Kepolisian juga melacak siapa sosok yang pertama menyebar kabar bohong isu aliran kiamat di pesantren ini. Warga sekitar diimbau tak perlu resah, serta tetap selalu berkoordinasi dengan polisi dan tokoh agama setempat.


Ceramah Pengajian

Kapolres Kota Batu, AKBP Budi Hermanto dengan salah seorang jamaah pengajian di Ponpes Miftahul Falahil Mubtadin di Malang (Liputan6.com/Zainul Arifin)

Majelis Ulama Indonesia (MUI) menegaskan kajian di Ponpes Miftahul Falahil Mubtadin, Kasembon, Malang, tak keluar dari koridor Islam. Materi pengajiannya lebih ke adanya meteor dan tanda–tanda lainnya tentang hari kiamat.

Pesantren ini tidak salah, boleh melanjutkan kajian tanda–tanda kiamat dengan hadis yang jadi rujukannya.

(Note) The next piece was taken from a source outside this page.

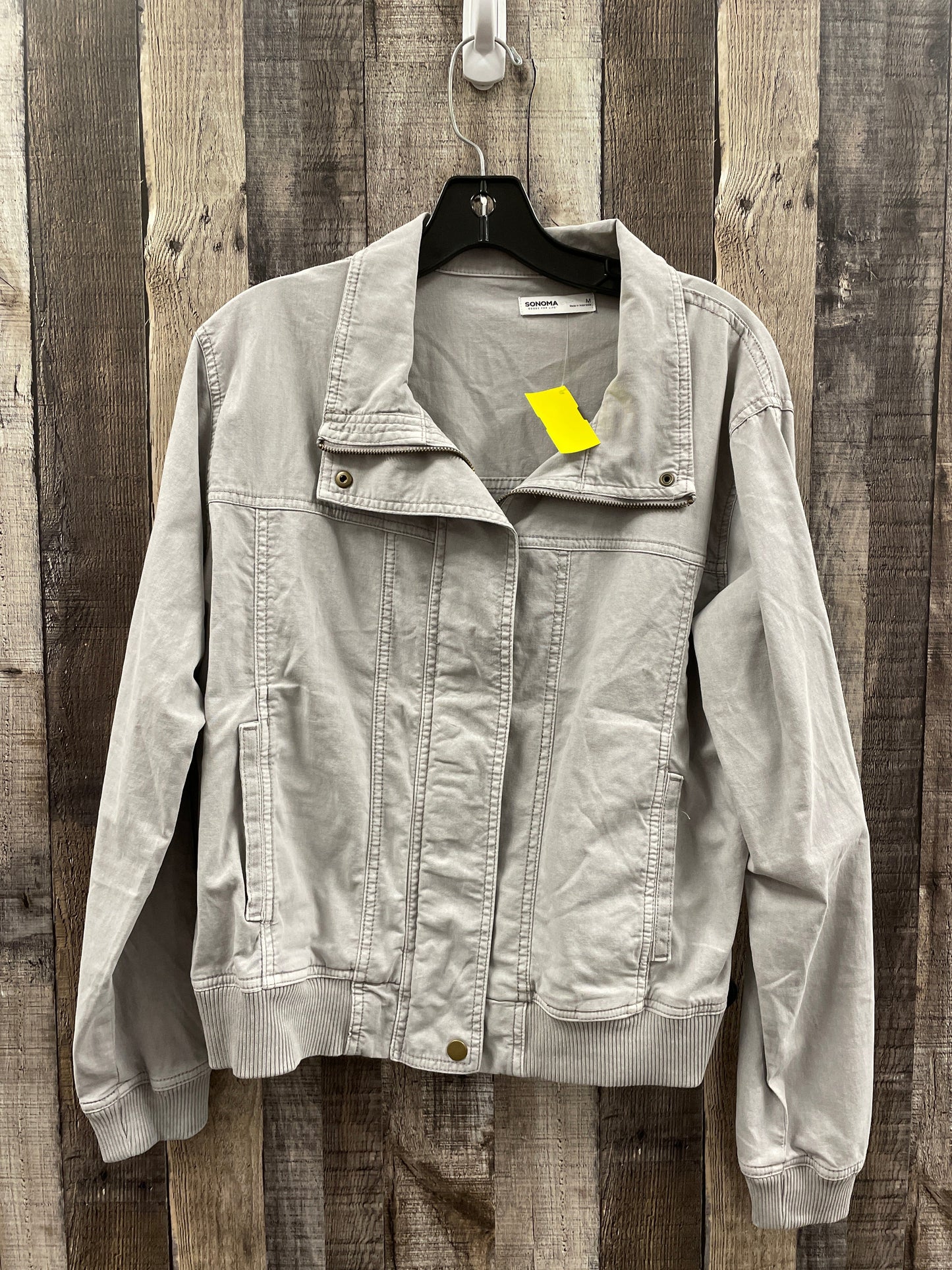 Jacket Denim By Sonoma In Grey, Size: M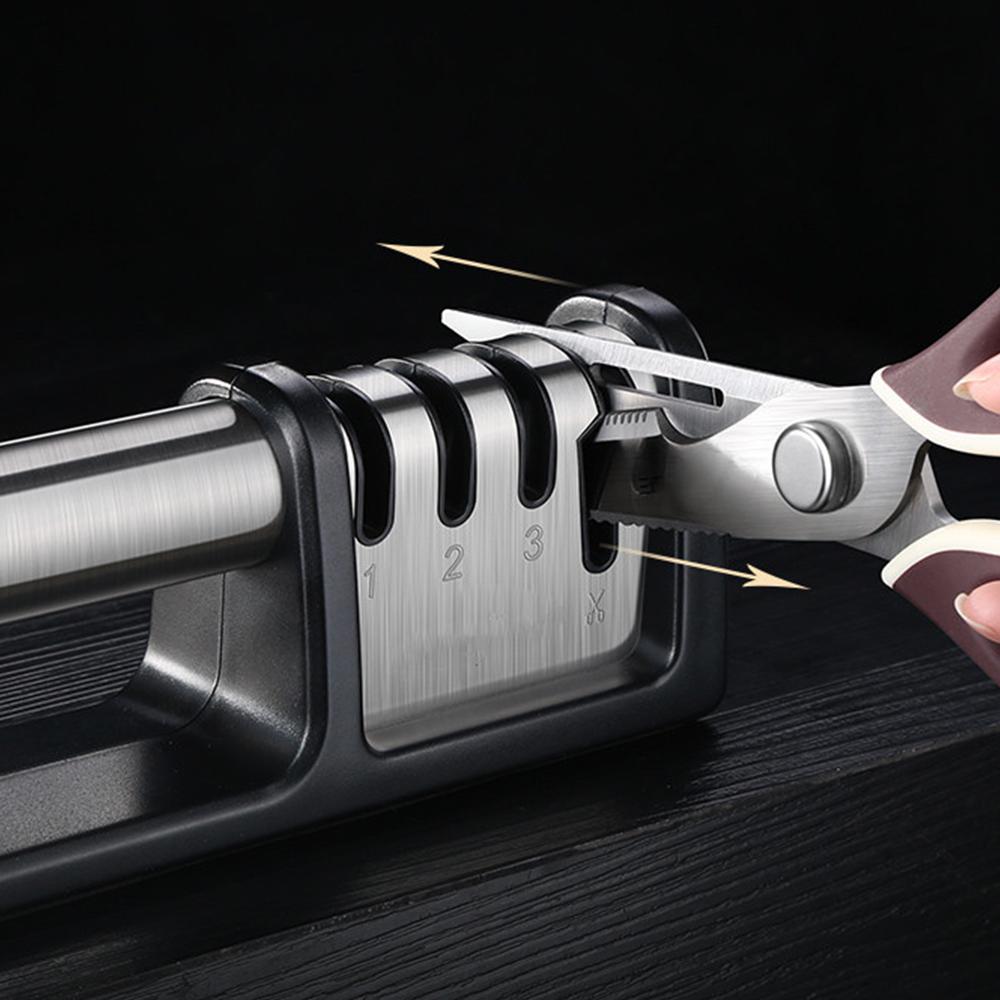 Изображение товара: Профессиональная точилка для ножей, алмазная быстрая точилка, инструменты для заточки ножей, ручной точильный инструмент для ножниц, камень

Meski begitu, Gus Romli, pengasuh pesantren ini, diminta lebih berhati-hati saat menyampaikan pengajian serta tidak menyampaikan materi itu dalam pengajian terbuka.

“Kajian datangnya meteor sebagai tanda kiamat itu cukup disampaikan ke jemaahnya saja. Sebenarnya kesahihan hadisnya masih harus diuji,” kata Ibnu Mukti, MUI Perwakilan Kasembon.

Gus Romli diminta lebih teliti menyampaikan ilmunya serta menghindari potensi menimbulkan kegaduhan di masyarakat. Jika sampai ada keresahan, menurut Ibnu Mukti, MUI punya kewajiban untuk menegur.

Khoirul Huda, Kepala Kantor Urusan Agama (KUA) Kasembon, Malang, mengatakan ponpes tak melanggar ajaran Islam serta masih sesuai Ahlussunah wal Jama’ah. Pengasuh ponpes membantah terkait ISIS, hukum potong tangan, sampai sebut pemerintah hari ini kafir.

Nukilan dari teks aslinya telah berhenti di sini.